The only reason I've put up with android for as long as I have is that I've had full freedom to run my own code and install my own applications.

Google wants to end that. That's the end of android for me.

hackaday.com/2025/10/06/google

When you couple this with the recent change in the EU outlawing unlocking bootloaders, the DMCA in the US making any kind of digital tinkering illegal if Washington says so, and the various Chat Control and other "For the Children" legislation ...

We're shuffling full steam ahead into a surveillance machine the likes of which are unprecedented.

I'm in kind of a charmed position in that I have no need for an Android or Apple device.

There are a few ways that *life* is trying to conspire to make me keep one in spite of that, but most of them are things I can currently route around.

But I'm no longer in an oncall rotation. I no longer use Okta. I can do 2FA a dozen ways that don't mandate google.

I'm not normal.

@ajroach42 I live in Denmark. It is very hard to get by in daily life without an Android or Apple device. I tried, for many years, until my current employer gave me a work phone (which runs Android).

There is an ubiquitous payment app that has largely replaced cash. It won't run on anything but an Apple or Android device.

If you use public transit (which I do), you can currently use a plastic card with readers mounted in buses, trains and stations. But this will be phased out next year and replaced with an app that only runs on Apple or Android devices. You will effectively no longer be able to use public transit unless you own an Apple or Android device.

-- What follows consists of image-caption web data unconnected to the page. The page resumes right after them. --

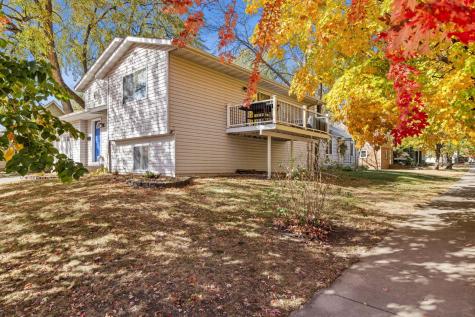 411 E 1st Street Chaska MN 55318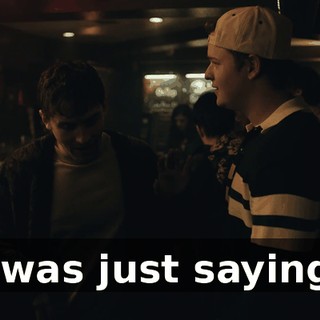 7263bad9-412e-4d5b-8f70-691d83c421cc.gif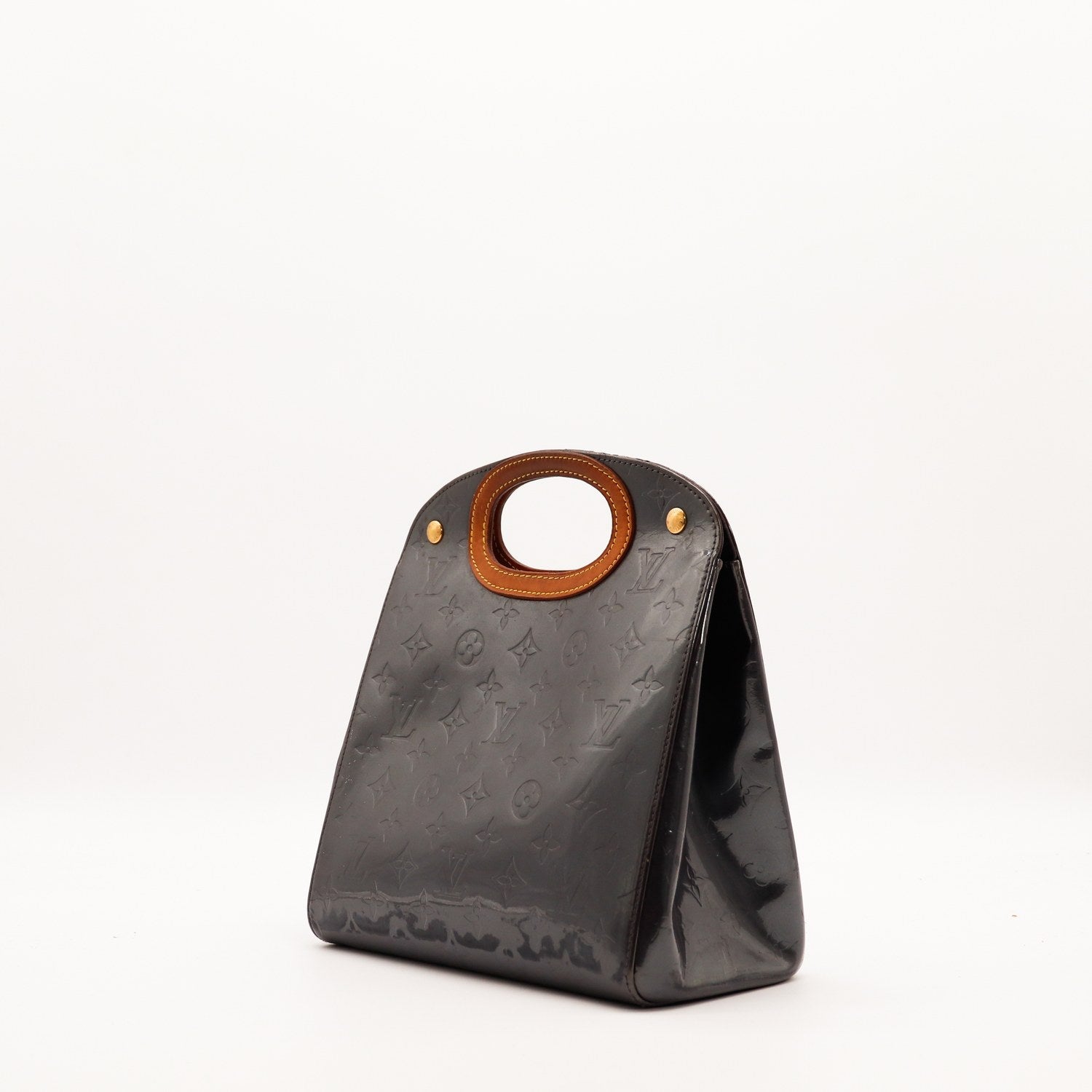 Le Mapple Drive Louis Vuitton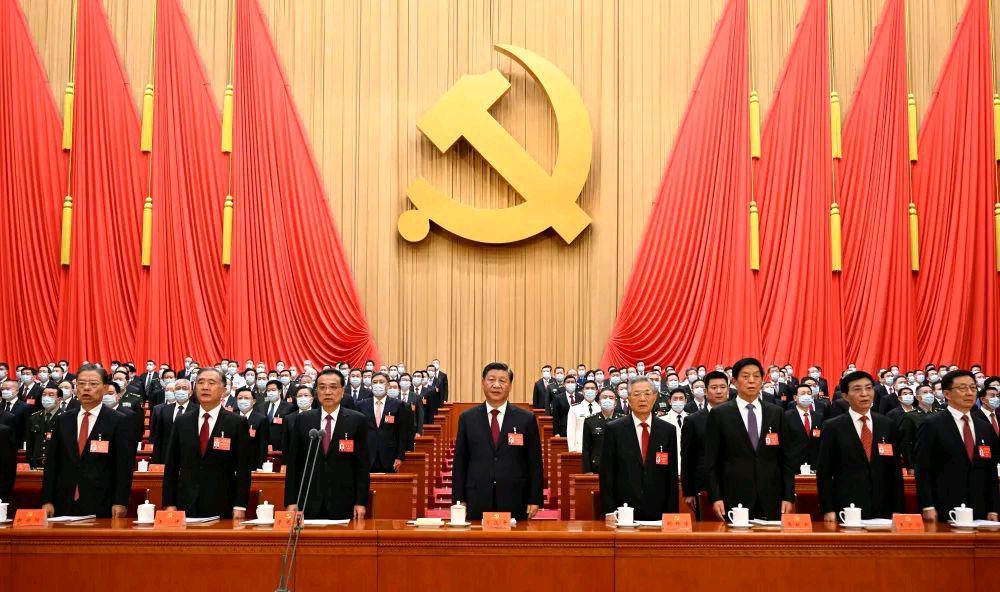 评语芬芳（上下篇）_为文友“说三道四”作者：蔺峰（甘肃兰州）【冰心文化传媒】（图6）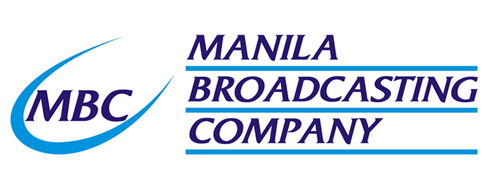 Manila_Broadcasting_Company_logo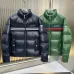 Gucci Coats/Down Jackets #B44161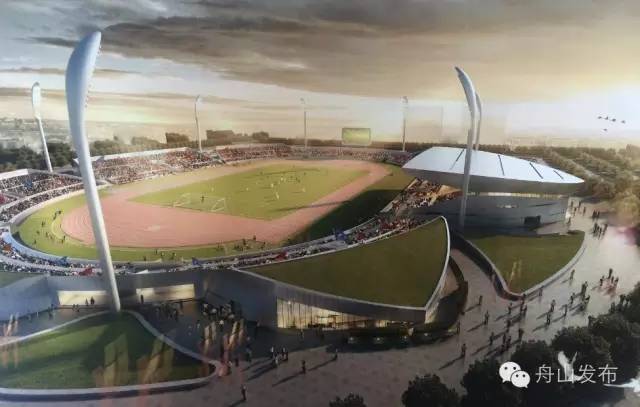 年轻人为什么要去杭州,舟山生活感受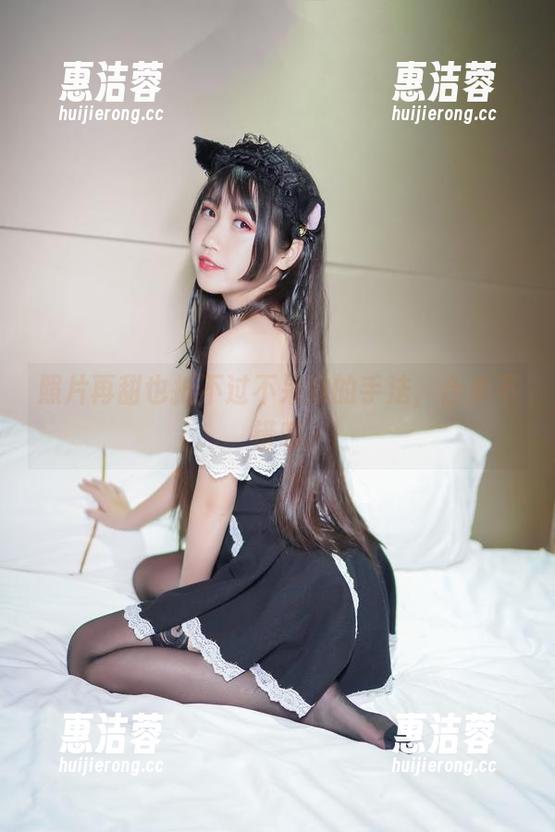 照片再甜也抵不过不呆猫的手法，合集不错哦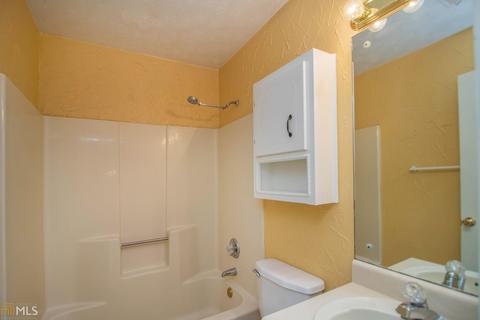 10 Hoglen, Covington, GA 30016 photo 15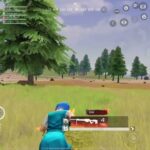 【荒野行動】おしゃれなキル集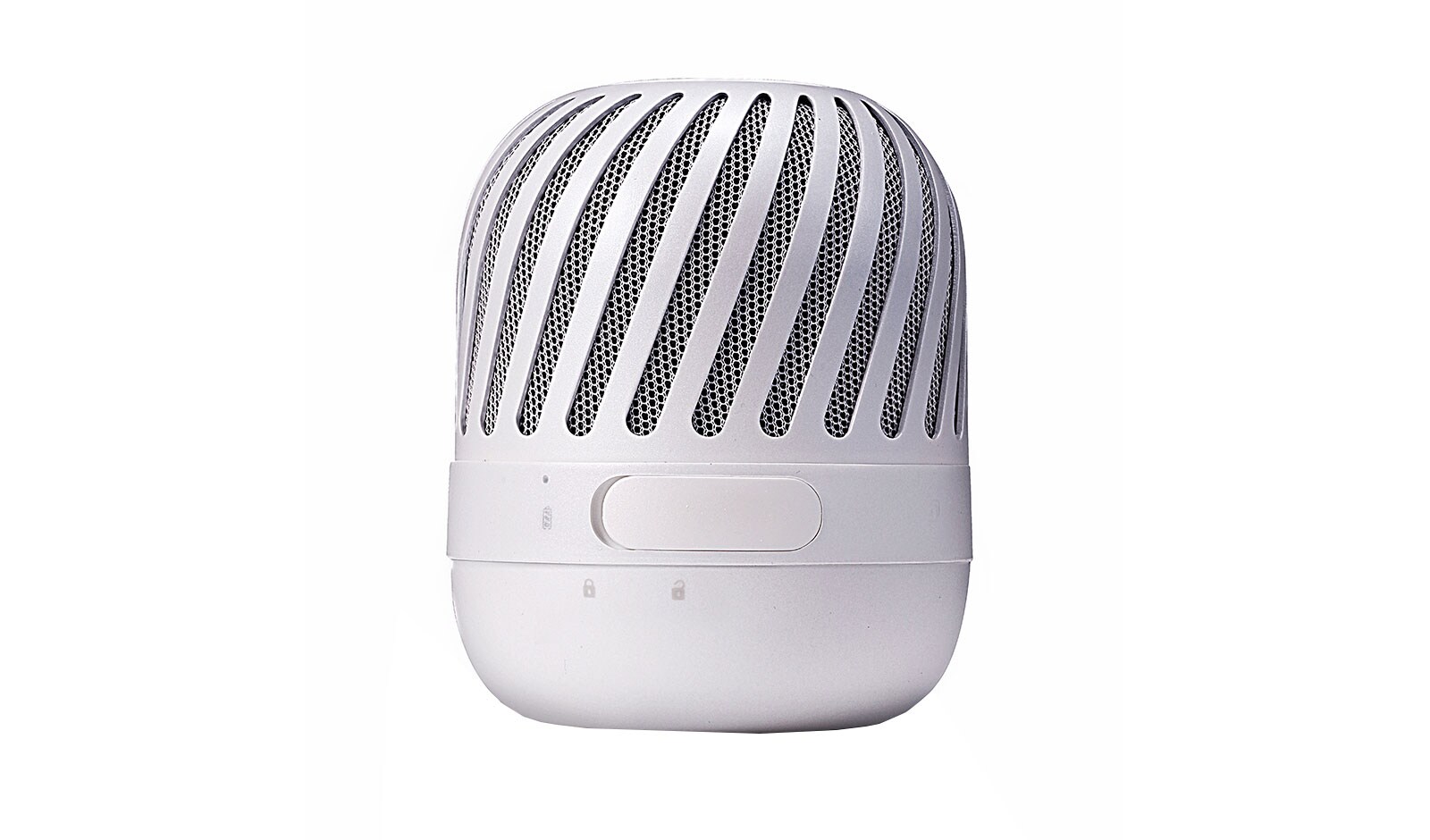 LG ENCEINTE BLUETOOTH | SON 360° | IPX7 , LG PJ3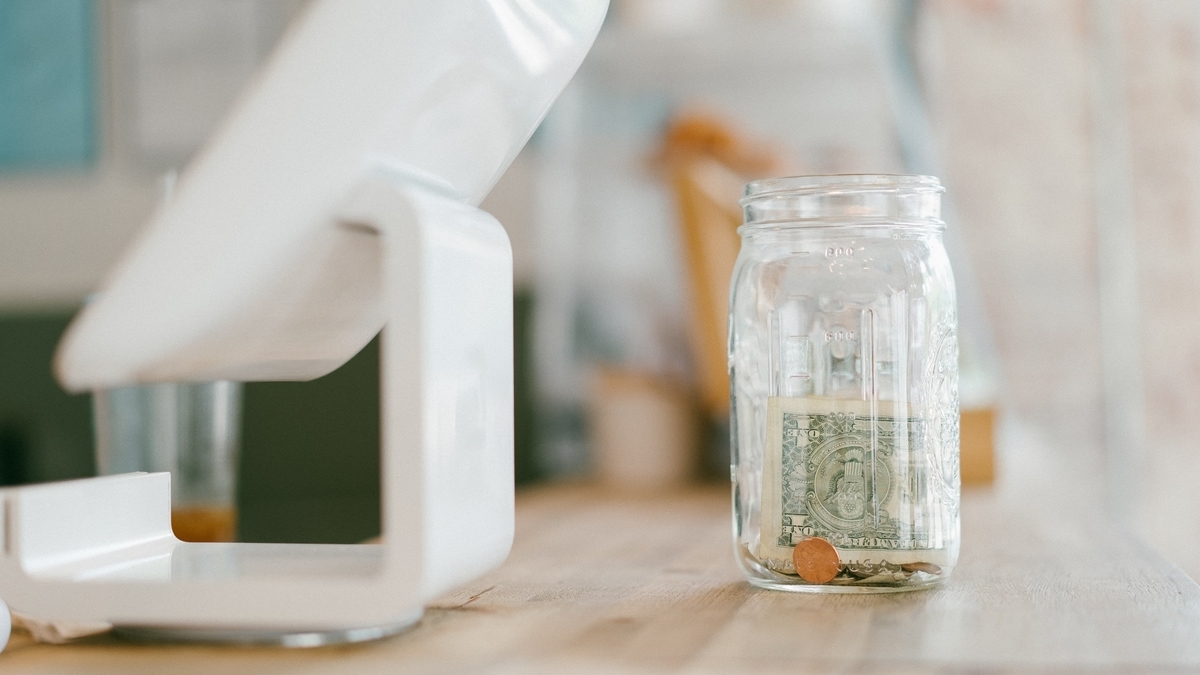 f:id:financial_freedom:20190315215313j:plain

There is a national authentication system (used by banks, public authorities, etc.) which *can* currently be used with a little token you can have in your pocket (one which displays numbers, and one which reads them aloud, for blind citizens) ... but you can't set it up without using an Apple or Android device. There have been talks about phasing out the code tokens entirely, so the only option to authenticate yourself with public authorities requires owning an Apple or Android device.

And all of this won't run on eg. a Fairphone with elementaryOS, because all the Android versions use Google's "authenticity verification" features, effectively locking out anything not fully controlled by Google.

It feels like living in a kind of digital vassal state fully colonized by two foreign tech giants.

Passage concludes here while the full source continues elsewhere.